Zeeuwse en Vlaamse schuurgroep
De Zeeuwse en Vlaamse schuurgroep komt voor op de Zeeuwse eilanden en Zeeuws Vlaanderen, in het westen van Noord-Brabant, in het grensgebied van Zeeland en op de Zuid-Hollandse eilanden. Typerend door hun zwartgeteerde planken wanden en grote zijdeuren (m.n. in Zeeland) staan deze graanschuren los van de boerderij.
Zeeuwse schuurtype
Het Zeeuwse schuurtype wordt ook wel de Zeeuwse schuur genoemd. Dit is een schuurtype dat voornamelijk voorkomt in Zeeland en op het Zuid-Hollandse eiland Goeree-Overflakkee. De Zeeuwse schuur is gemaakt van hout en heeft geen deuren aan de zijkant. Alle deuren van de schuur zijn namelijk in de lange voor- en achtergevel van de boerderij geplaatst.
De kozijnen en deurposten van een Zeeuwse schuur vallen op. Dit komt omdat de kozijnen en deurposten wit zijn, terwijl de wanden van de Zeeuwse schuur donker zijn. Overigens werden de kozijnen en de deurposten van de schuur niet voor niets wit gemaakt. Dit deed men om de ramen en deuren van de boerderij ook in het donker gemakkelijk te kunnen vinden.
De deuren van de Zeeuwse schuur worden in het Zeeuws ook wel mennen of mendeuren genoemd. In iedere deur van een Zeeuwse schuur zit nog een kleine deur. Deze wordt in het Zeeuws ook wel de klinket of het mennetje genoemd.
Vlaamse schuurtype
De Vlaamse schuur is al sinds de 17e eeuw bekend en kent een apart gedeelte voor het vee, gereedschappen en andere materialen wat gebruikt kan worden voor het bewerken van het land en een apart leefgedeelte. De materialen waarmee deze vlaamse schuur is gebouwd is van hout in een zwarte kleur of van baksteen.

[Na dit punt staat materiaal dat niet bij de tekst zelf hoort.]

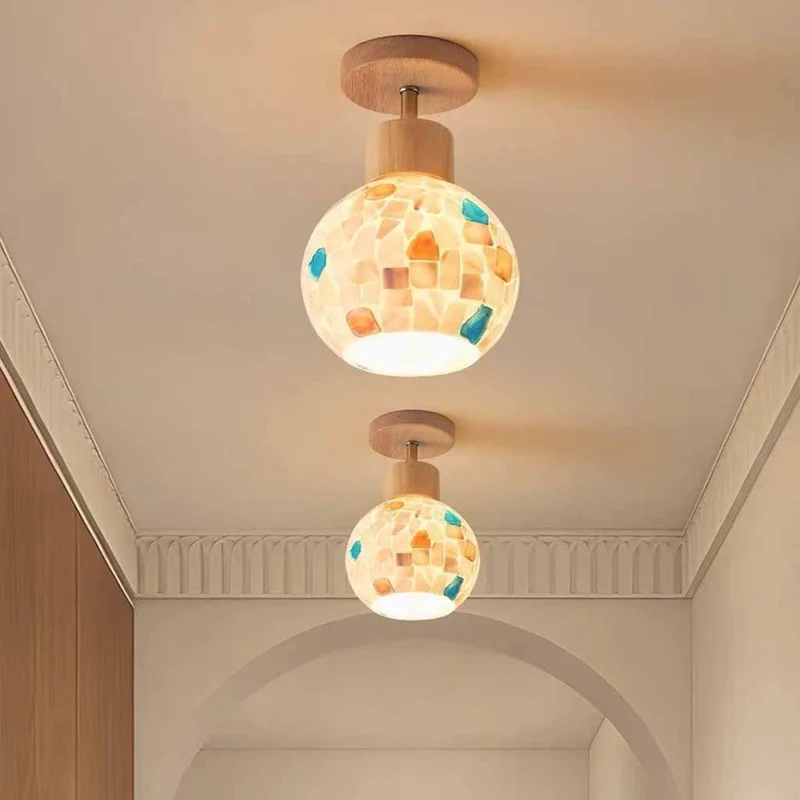 Seashell Ball Ceiling Light LED Semi-Flush Mount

De zwarte houten balken hebben deze kleur gekregen doordat het van teer is. Zowel bij de bakstenen als de zwart houten variant is het dak van riet. Deze type boerderij is ingedeeld in drie verschillende ruimtes, namelijk:
Middenbeuk: hier werd hooi en stro opgeslagen. Dit was vaak de grootste ruimte;
Zijbeuk rechts: werd gebruikt als opslagplaats voor landbouwvoertuigen;
Zijbeuk links: hier was het leefgedeelte of het vee kon hier rondlopen.